Ainda segundo Borges (2006) a eliminação da habilidade funcional ou capacidade pode ser estabelecida como qualquer refreamento ou eliminação da capacidade de efetuação das atividades diárias consideradas normais no dia a dia humano, sendo caracterizadas pela dificuldade na execução de alguma conduta podendo ser de caráter irreversível ou reversível, temporário ou permanente, evolutivo ou não.

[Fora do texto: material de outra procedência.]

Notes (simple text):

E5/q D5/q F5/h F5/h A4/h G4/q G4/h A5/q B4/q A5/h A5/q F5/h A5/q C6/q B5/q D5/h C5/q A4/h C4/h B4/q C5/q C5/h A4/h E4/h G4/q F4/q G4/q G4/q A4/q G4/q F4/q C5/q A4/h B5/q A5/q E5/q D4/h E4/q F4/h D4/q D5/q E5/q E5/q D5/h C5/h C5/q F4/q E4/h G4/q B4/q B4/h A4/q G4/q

2.5 ESCALA DE EQUILÍBRIO DE BERG

De acordo com a pesquisa realizada por Silva et al. (2008), a Escala de Equilíbrio de Berg (EEB) foi produzida no ano de 1992 por Katherine Berg. A escala em questão tem sido amplamente utilizada desde a sua criação durante as avaliações com o intuito de analisar e quantificar o grau de equilíbrio dos indivíduos. Ela foi adaptada e traduzida para a língua portuguesa por Samira Miyamoto no ano de 2003 durante a confecção da sua tese de mestrado, sendo a versão brasileira considerada confiável para a avaliação do equilíbrio. A EEB é organizada em 14 itens habituais do cotidiano que analisam o controle postural, abrangendo o estável e o antecipatório que exigem forças diferentes, flexibilidade e equilíbrio dinâmico.

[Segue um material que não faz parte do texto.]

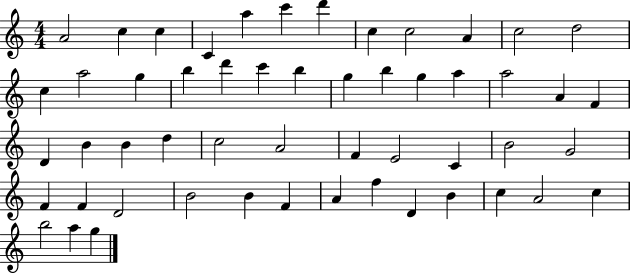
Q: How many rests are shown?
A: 0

Com alto percentual de confiabilidade a Escala de equilíbrio de Berg apresenta no teste re-teste 98%, sendo uma das mais utilizadas, estando diretamente ligada a outros testes de equilíbrio, risco de quedas e mobilidade. Uma particularidade desta escala é a relação não-linear que ela apresenta entre a pontuação final do teste e o risco de queda correspondente. Os escores podem variar de 0 a 56 onde um escore alto significa bom equilíbrio do indivíduo avaliado. Dessa forma, cada ponto a menos obtido significa um aumento do risco de quedas; entre os escores 56 e 54, cada ponto a menos significa um aumento de 3% a 4% no risco de quedas; de 54 e 46 ocorre um aumento de 6% a 8% das chances de queda, sendo que um escore abaixo de 36 pontos o risco de quedas chega a quase 100% (PIMENTEL e SCHEICHER, 2009).

3. METODOLOGIA

Trata-se de um estudo de caso, onde realizou-se uma pesquisa do tipo exploratória e descritiva, tendo como população de amostra uma paciente do sexo feminino, com 36 anos, alfabetizada, casada, mãe de 2 filhos e com diagnóstico médico comprovado da síndrome de Guillain-Barré. A paciente em evidência recebeu atendimento fisioterapêutico na Clínica Fisio Saúde na cidade de Serra dos Aimorés, três vezes por semana ao longo de sete meses, com duração de uma hora cada sessão, obtendo o total de 92 sessões.

Critério de inclusão: 1 (uma) cidadã do sexo feminino, com 36 anos, alfabetizada, casada e mãe de 2 filhos portadora da síndrome de Guillain-Barré após recente episódio Chikungunya. Critério de exclusão: não se aplica.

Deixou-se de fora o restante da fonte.